▶ TASK STATEMENT: The answer must consist solely of the lines from the line with "is next step mcat question bank hard" to the end of the data below, transcribed exactly and with no pictures.

▶ MATERIAL SHOWN:

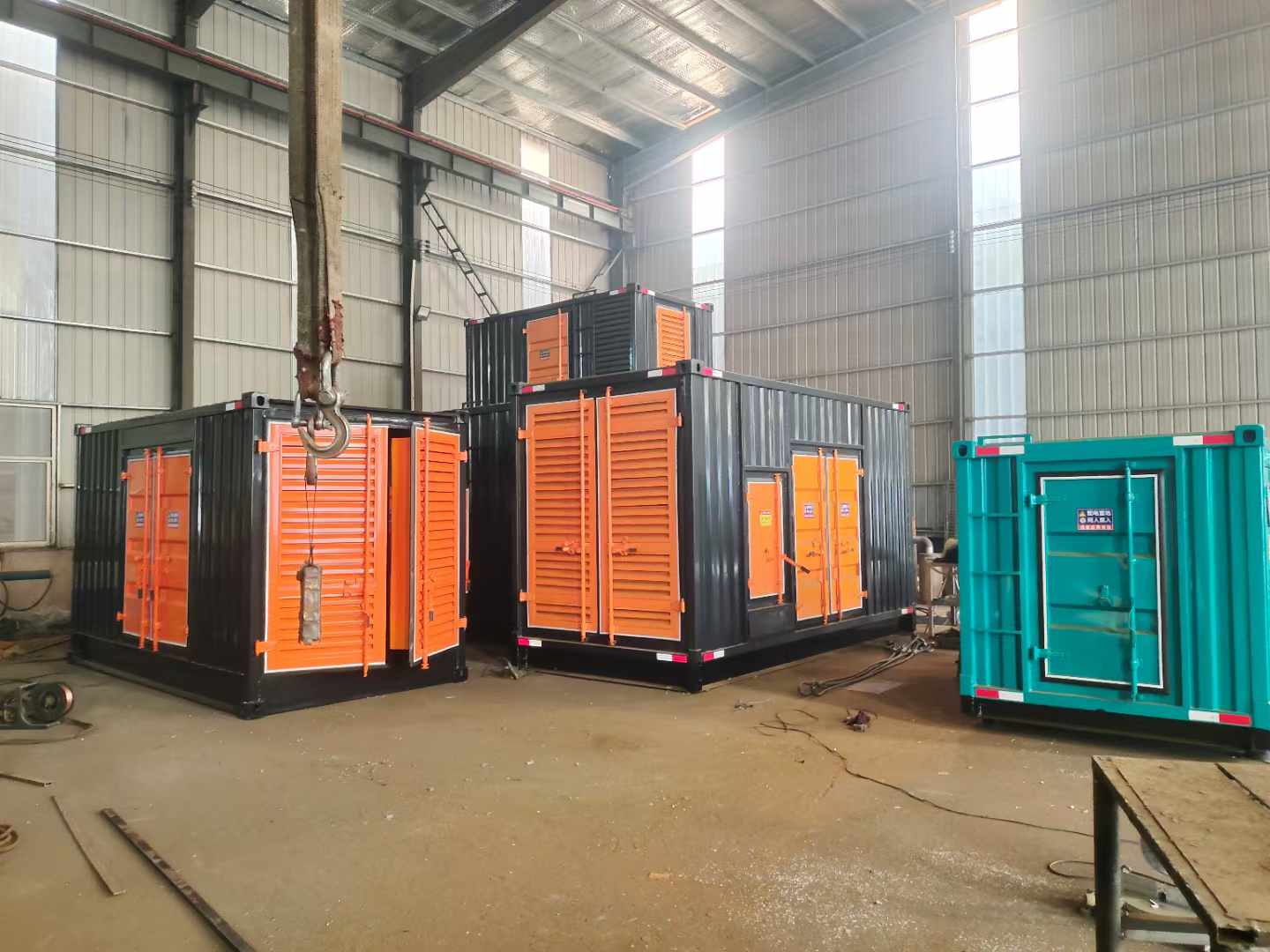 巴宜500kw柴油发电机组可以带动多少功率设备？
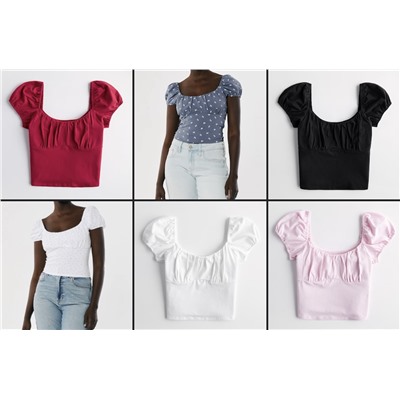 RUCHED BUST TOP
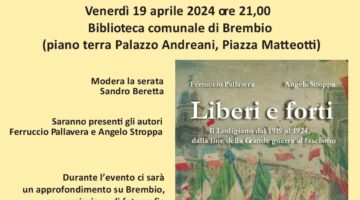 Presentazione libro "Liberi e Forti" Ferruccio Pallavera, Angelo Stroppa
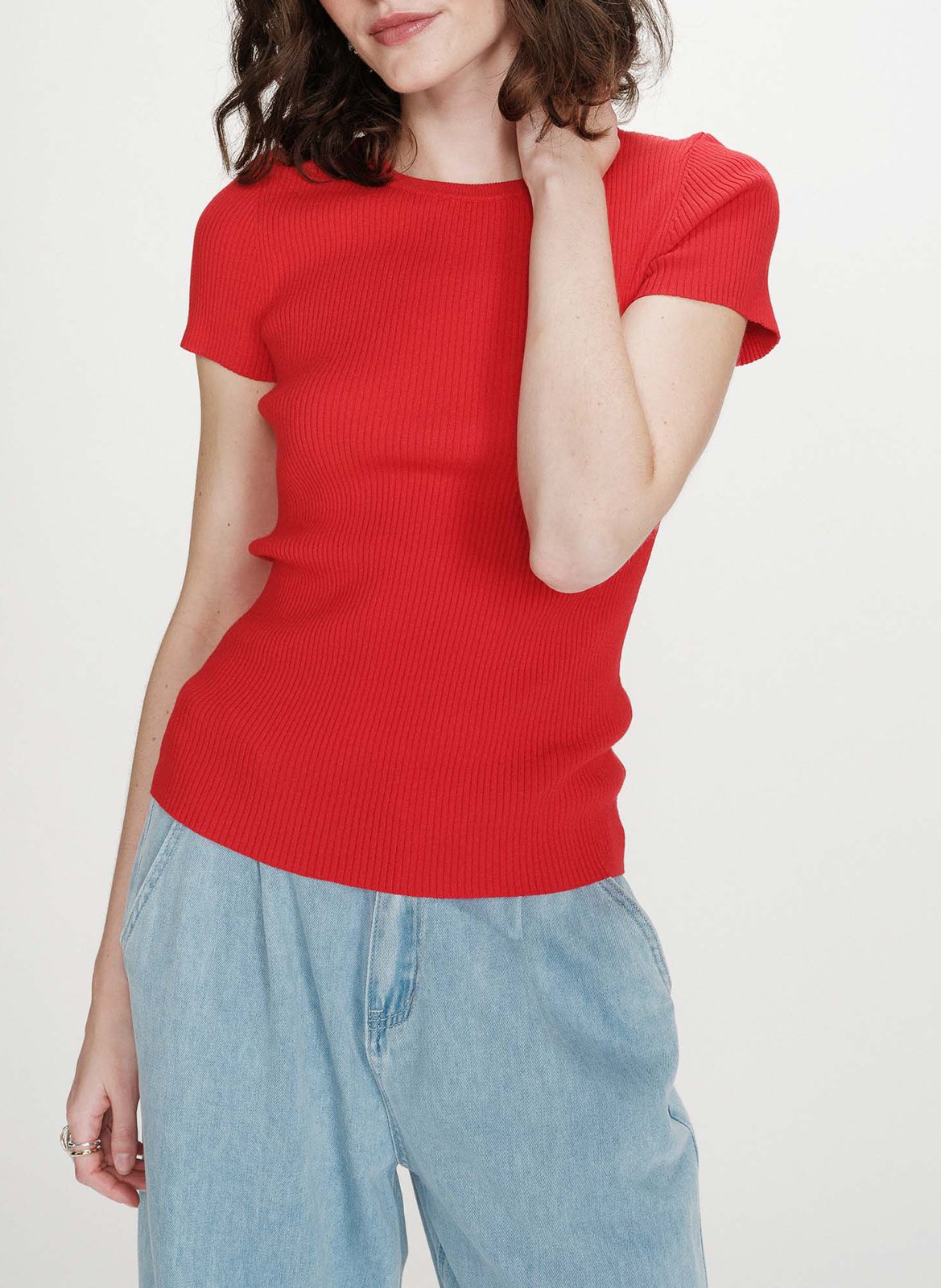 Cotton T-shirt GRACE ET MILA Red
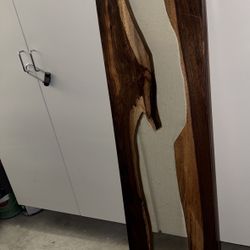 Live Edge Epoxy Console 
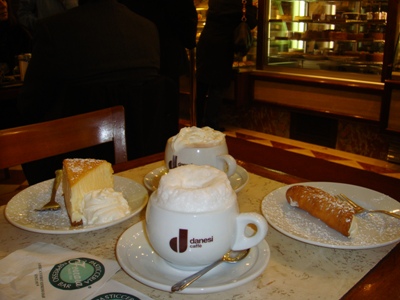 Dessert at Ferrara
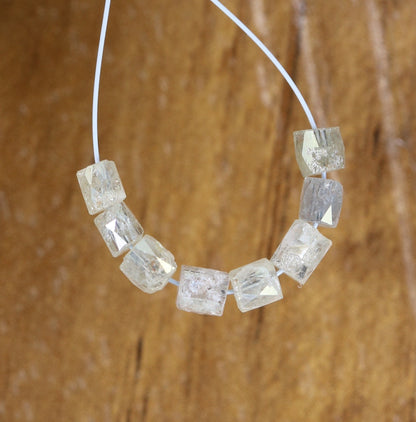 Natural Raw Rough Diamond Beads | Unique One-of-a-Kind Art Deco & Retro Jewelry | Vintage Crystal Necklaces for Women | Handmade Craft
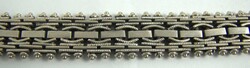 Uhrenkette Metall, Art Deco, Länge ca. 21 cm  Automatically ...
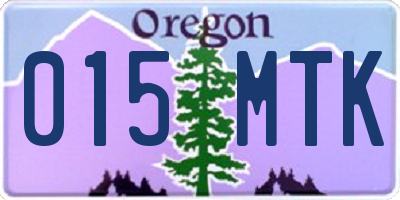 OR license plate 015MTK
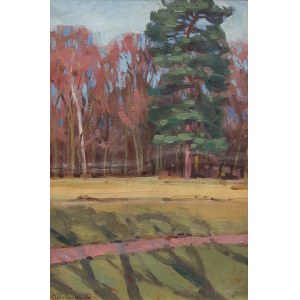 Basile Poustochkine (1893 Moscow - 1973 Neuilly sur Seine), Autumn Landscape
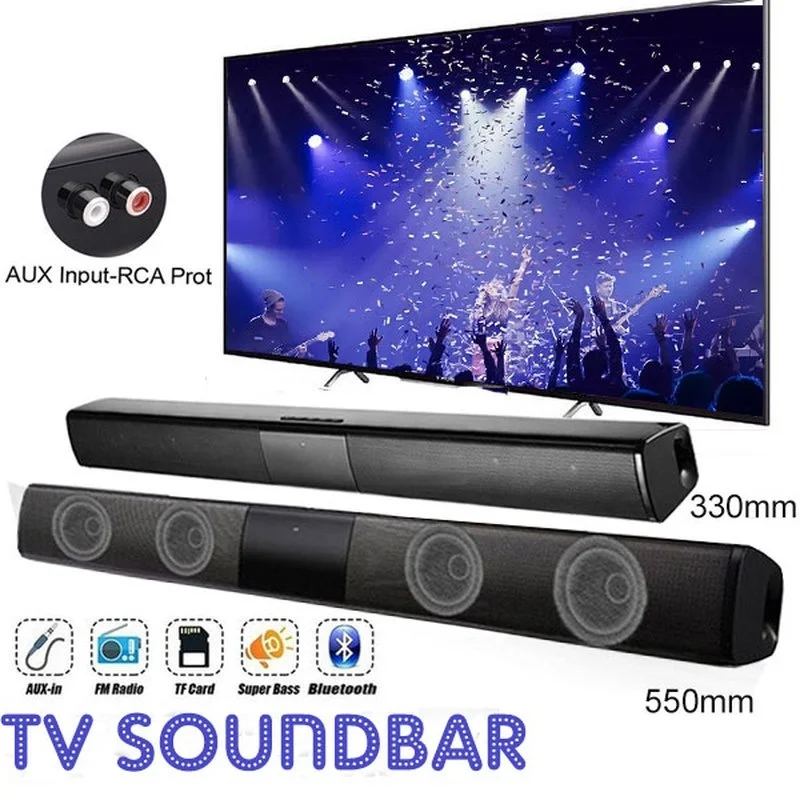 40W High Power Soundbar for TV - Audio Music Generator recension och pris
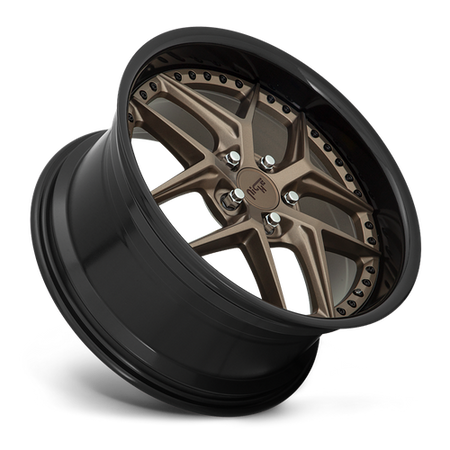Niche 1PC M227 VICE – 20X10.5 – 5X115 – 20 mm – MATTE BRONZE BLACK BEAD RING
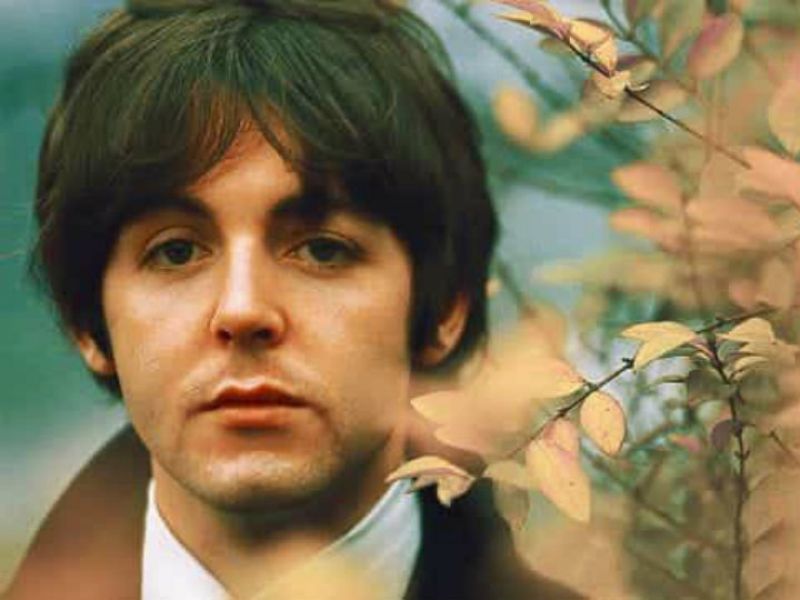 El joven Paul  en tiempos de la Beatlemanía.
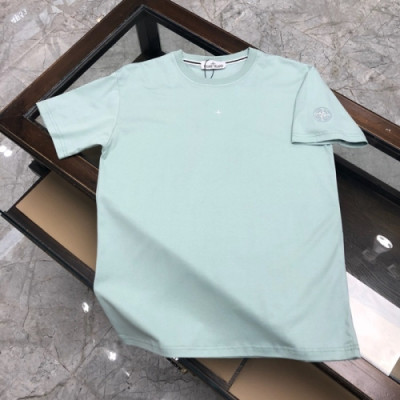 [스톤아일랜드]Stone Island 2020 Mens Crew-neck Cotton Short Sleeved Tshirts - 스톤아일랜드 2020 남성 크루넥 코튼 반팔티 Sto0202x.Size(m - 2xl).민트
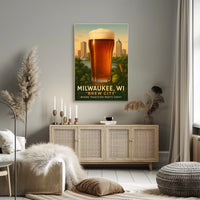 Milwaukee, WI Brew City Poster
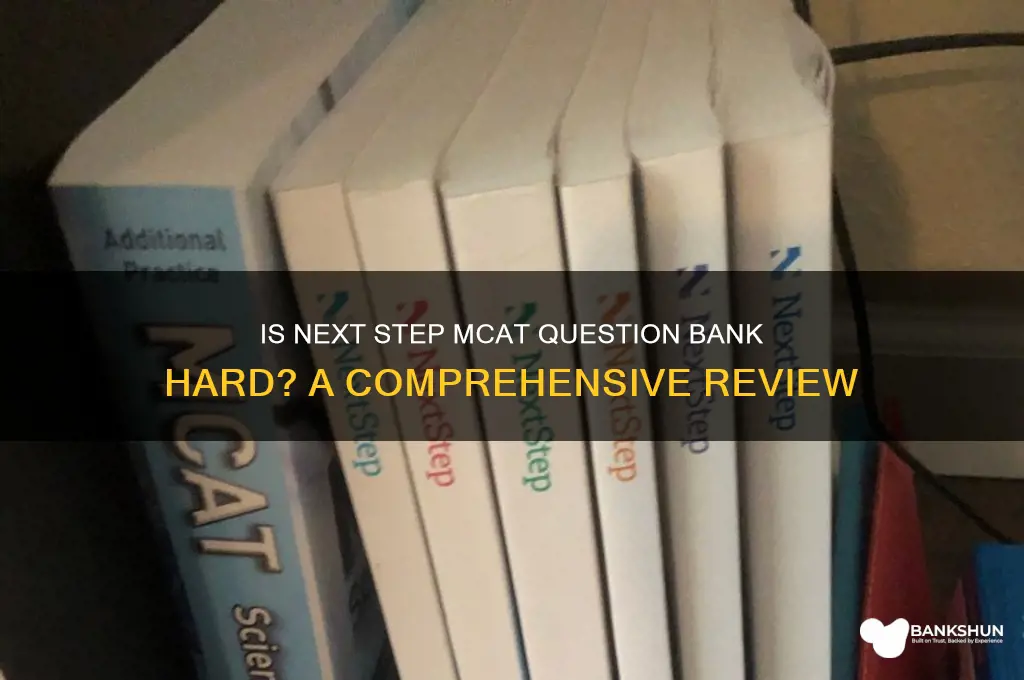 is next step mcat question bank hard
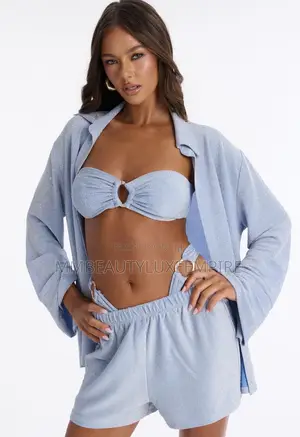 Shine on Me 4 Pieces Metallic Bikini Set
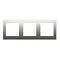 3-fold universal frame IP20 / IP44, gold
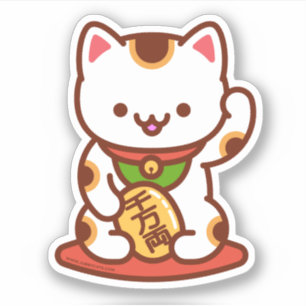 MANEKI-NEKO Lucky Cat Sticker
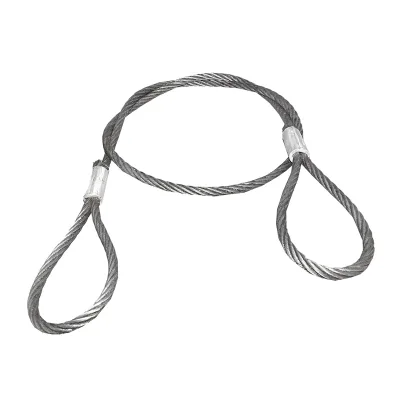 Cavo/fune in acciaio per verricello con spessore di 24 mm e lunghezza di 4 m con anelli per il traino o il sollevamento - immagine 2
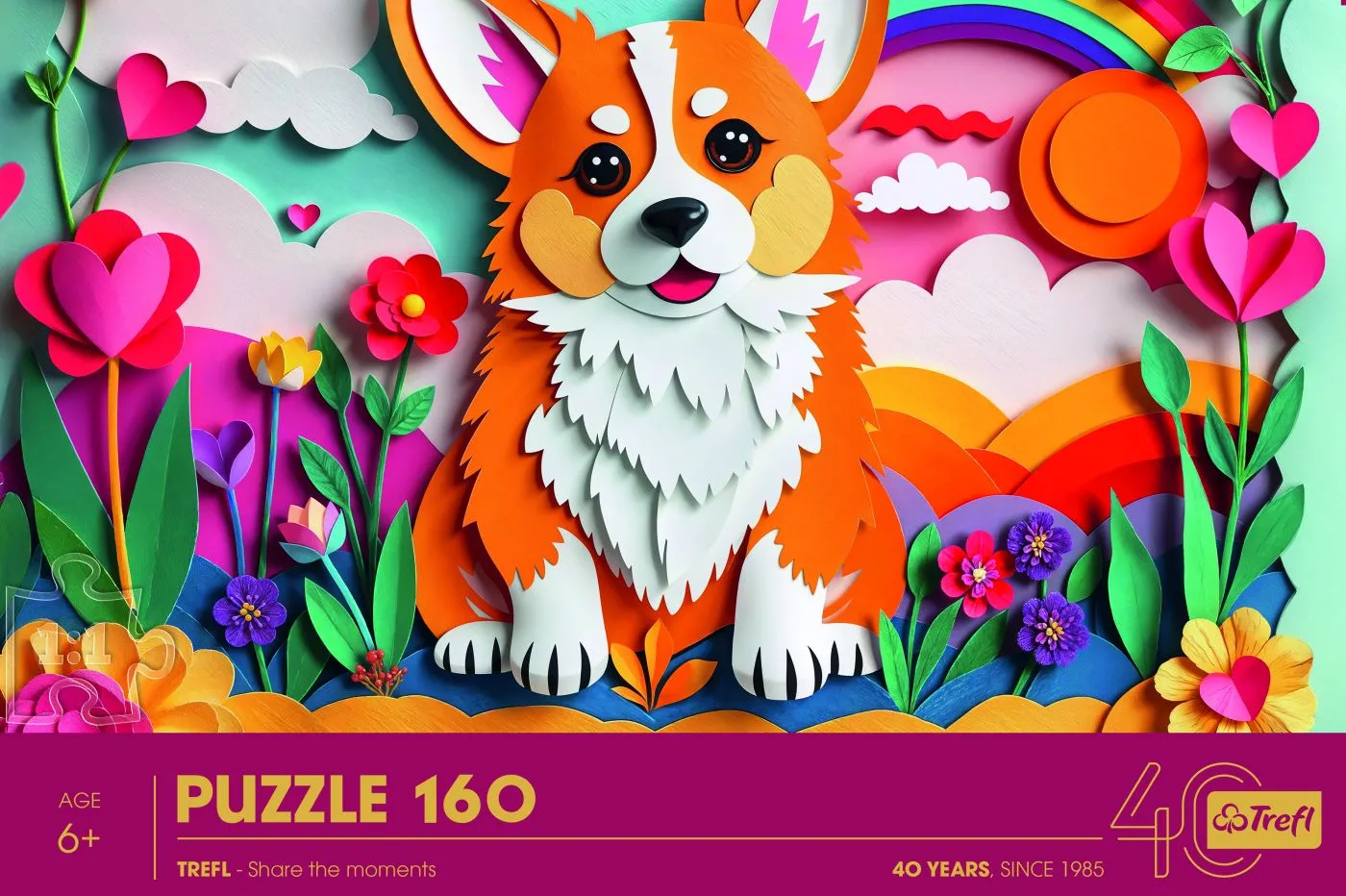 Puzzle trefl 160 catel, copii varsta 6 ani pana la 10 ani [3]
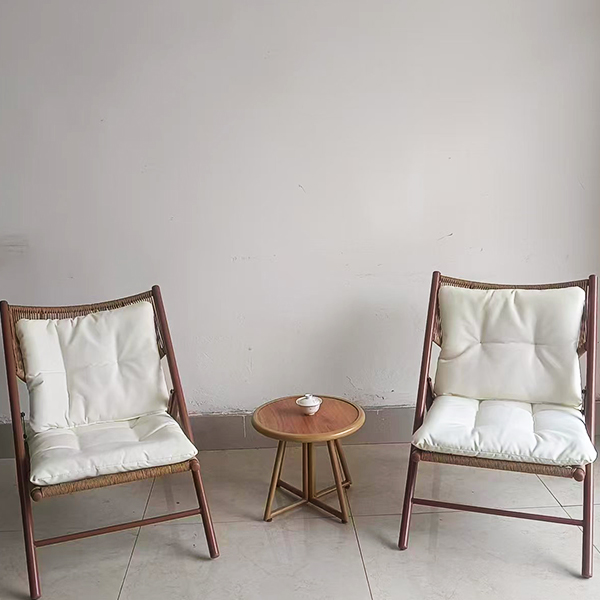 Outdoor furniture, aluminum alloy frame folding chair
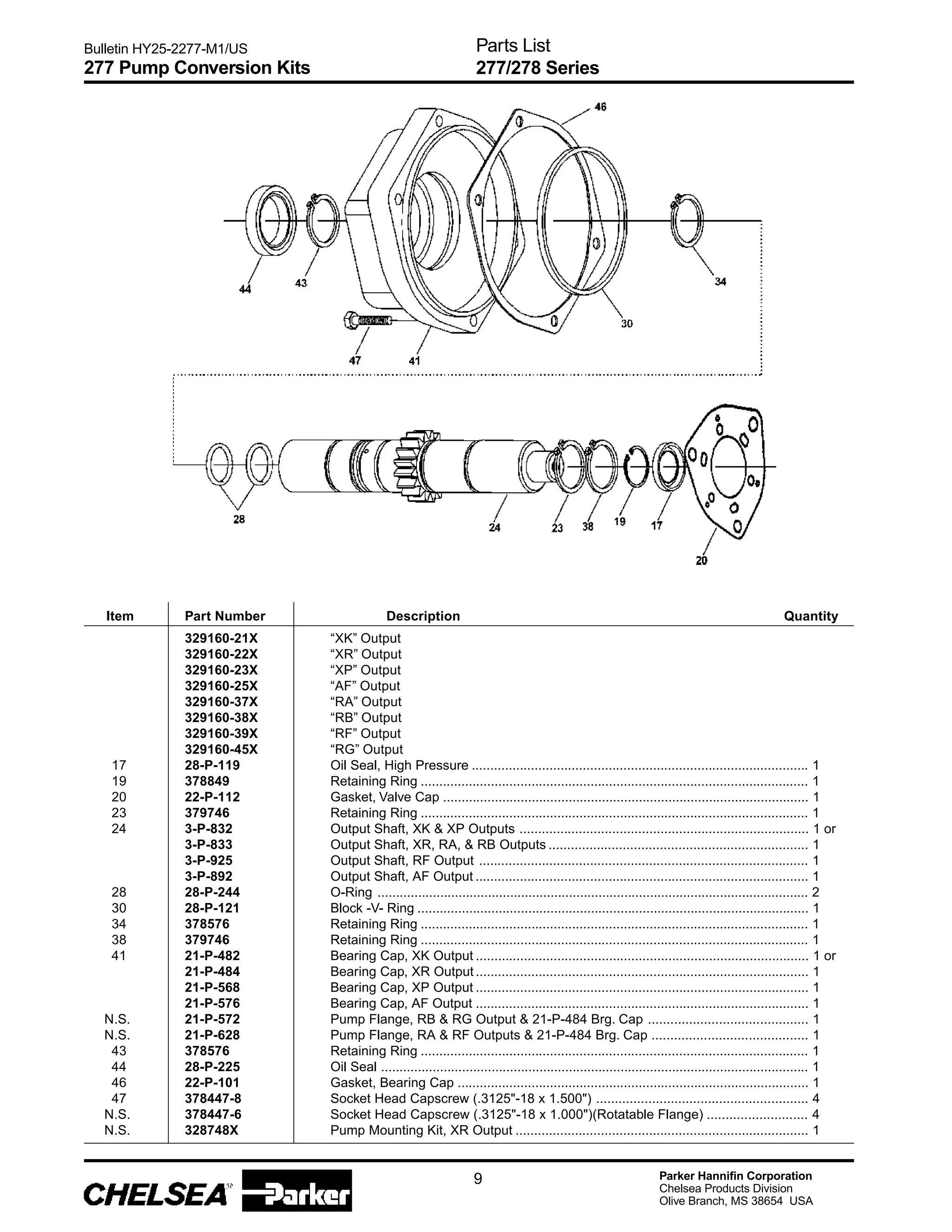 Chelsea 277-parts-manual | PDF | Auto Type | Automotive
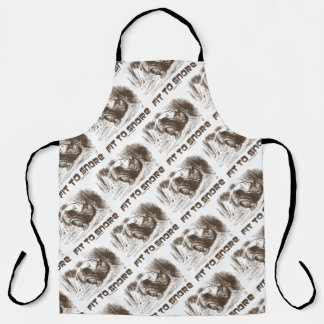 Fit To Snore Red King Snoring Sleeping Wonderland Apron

▶ YOUR SOLUTION:
 is next step mcat question bank hard
 Shine on Me 4 Pieces Metallic Bikini Set
 3-fold universal frame IP20 / IP44, gold
 MANEKI-NEKO Lucky Cat Sticker
 Cavo/fune in acciaio per verricello con spessore di 24 mm e lunghezza di 4 m con anelli per il traino o il sollevamento - immagine 2
 Puzzle trefl 160 catel, copii varsta 6 ani pana la 10 ani [3]
 Outdoor furniture, aluminum alloy frame folding chair
 Chelsea 277-parts-manual | PDF | Auto Type | Automotive
 Fit To Snore Red King Snoring Sleeping Wonderland Apron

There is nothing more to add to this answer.